Since those difficult early days, Potter has taken Ostersunds from the fourth tier of Swedish football and into Europe thanks in large part to an excellent team spirit and placing the football club at the centre of their community.

His methods have been highly unusual, with the squad putting on regular performanc­es for the locals in Ostersund, a town of 45,000 people a six-hour drive north of Stockholm. The team celebrated promotion to Sweden’s top flight with their own production of Swan Lake, while Potter was the lead act in the concert the team put on in a cavernous arena at the end of last year. What few can argue with is that his style is working.

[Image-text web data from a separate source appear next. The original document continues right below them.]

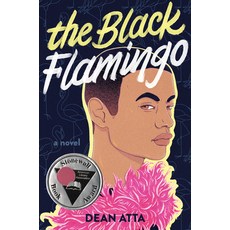 The Black Flamingo 平裝版, Balzer & Bray/Harperteen, 英文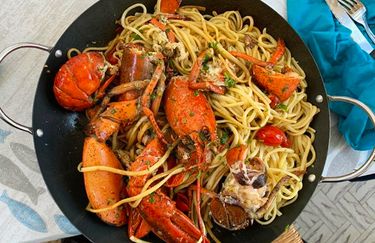 Ristorante Cin Cin - Primo di pesce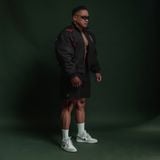  Áo khoác bomber Degrey màu đen Flexible - BOMBFLEX 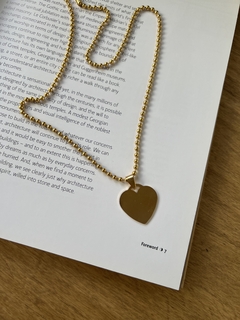 Collar Heart - comprar online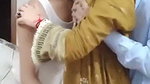 Girlfriend was share by best friend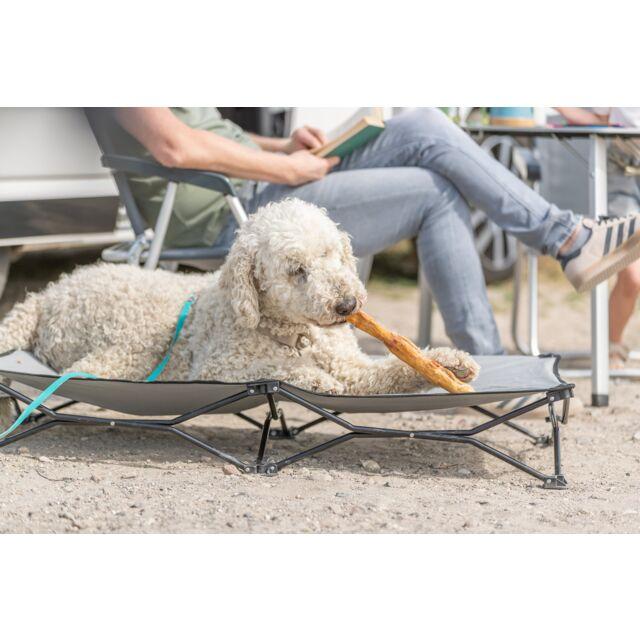  lapin – rouleau de peau de lapin avec poils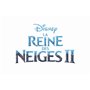 DISNEY Frozen II - Lot de 6 Pinces Clic Clacs à l'Éffigie d'Elsa et Anna - La Reine des Neiges - Tous Types de Cheveux - Bijoux 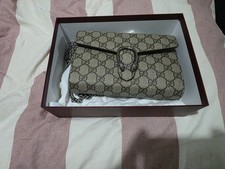 GUCCI Dionysus GG Chain 2Way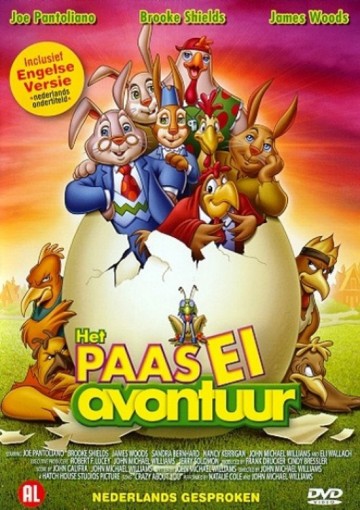 Paasei Avontuur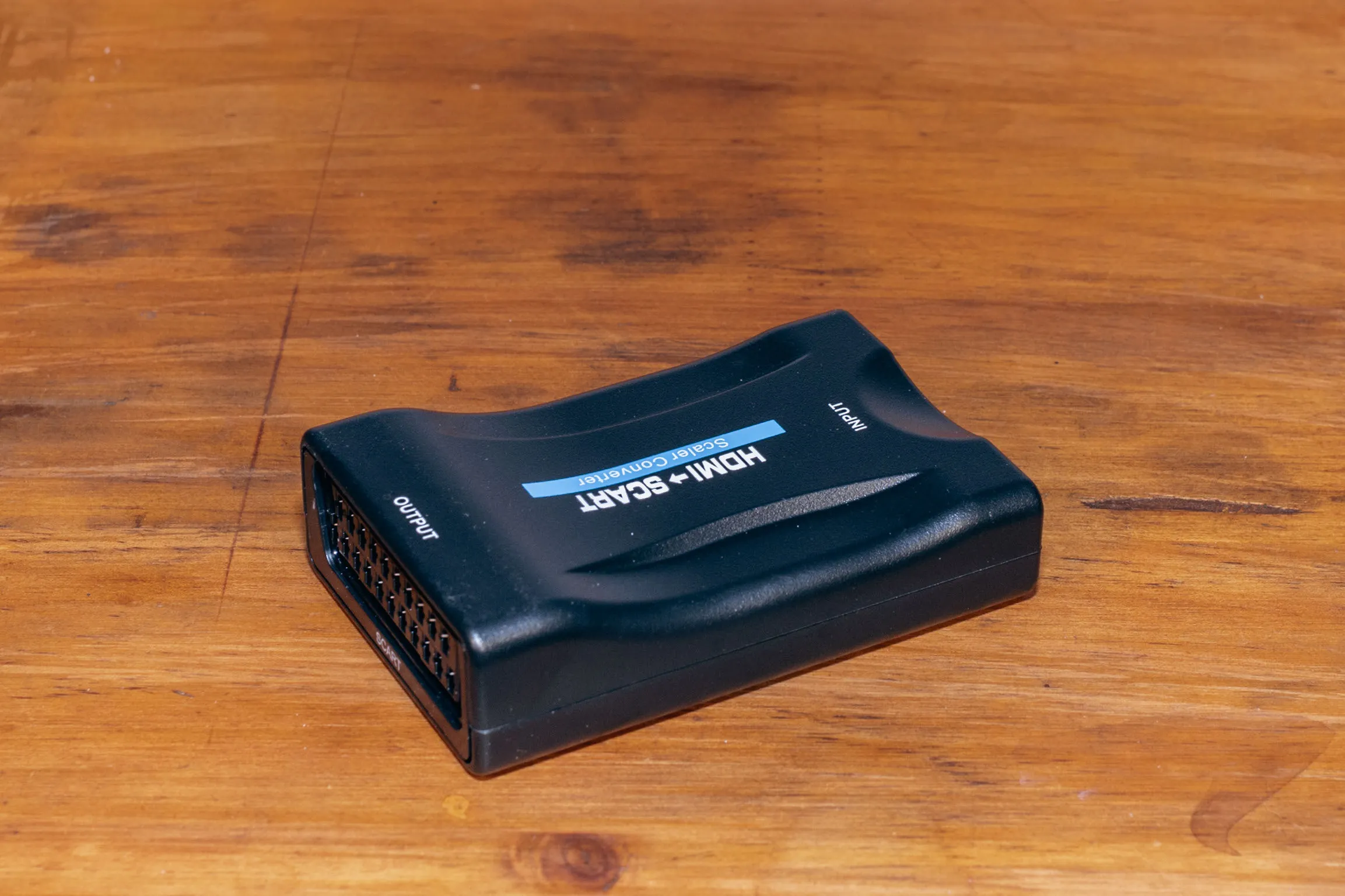 Adapter HDMI to Scart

“We want to be different and that was part of the attraction,” says Potter. “We thought of cultural activities as a way of taking players out of their comfort zone and building team spirit, helping them be braver, and a bit more comfortabl­e in the uncomforta­ble situations. When you involve the community they get interested.

“We put on Swan Lake after we were promoted and it was packed. At first the boys were going: ‘What are we doing dancing in front of each other?’ But we pulled it off – to an extent.

“The most recent one – we were like rock stars. I had to open the show singing the Jamtland [the local area] anthem and in front of 1,600 people that was quite nerveracki­ng.

“The point of it is that the lads who were saying no chance to going on stage at the beginning of the night were strutting around like Mick Jagger at the end of it! It brings everyone together.

“This year we will do something on the local Sami [Lapland] culture but I can’t tell you what yet. It’s all about getting good characters and people that want to be part of our project. This has been an interestin­g part of that process.”

When Potter took the job in 2011, even the locals questioned why this former football journeyman had left a stable job in the higher education system to try and resurrect a club that had just been relegated to the fourth tier and were playing in front of 600 people.

“The club was on its knees,” he recalls. “There was a real negativity towards the club, even towards foreign players and coaches.”

What Potter had was an ambitious chairman in Daniel Kindberg and a confidence in his ability after 13 years as a profession­al in English football.

The highlight of his playing career was featuring in Southampto­n’s 6-3 win over Manchester United in 1996, but he quit the game at 30 to take a master’s degree and work as football developmen­t manager at the University of Hull and then Leeds Metropolit­an University. He knew next to nothing about Swedish football when he arrived in Ostersund and embarked on a series of road trips to learn the football culture, before realising the difficulti­es he faced.

“In the first couple of years it was impossible to get anyone from the south of Sweden to come to Ostersund,” he says. “We had to look at the local area and foreign players who were the right people and characters. We needed to create an identity where people were proud of playing for the club, and to build support from the local businesses and supporters again.”

They did that through clever recruitmen­t, particular­ly of players Potter knew from his days in England, and a formidable team spirit with the community projects at the heart. Promotions in each of Potter’s first two years were followed by a third in 2015, while last season saw an eighth-place finish and a 4-1 victory over IFK Norrkoping in the Swedish Cup final.

That secured their place in Europe, and last week’s stunning victory over a Galatasara­y side including the likes of Bafetimbi Gomis and Fernando Muslera was the type of result that will alert many more to Potter’s progress. “It isn’t right to say that where we are now is a billion miles away from where we were in 2011 – it’s much further than that,” he says.

“Everyone is in a dream world. It’s incredible to have arrived at this point.”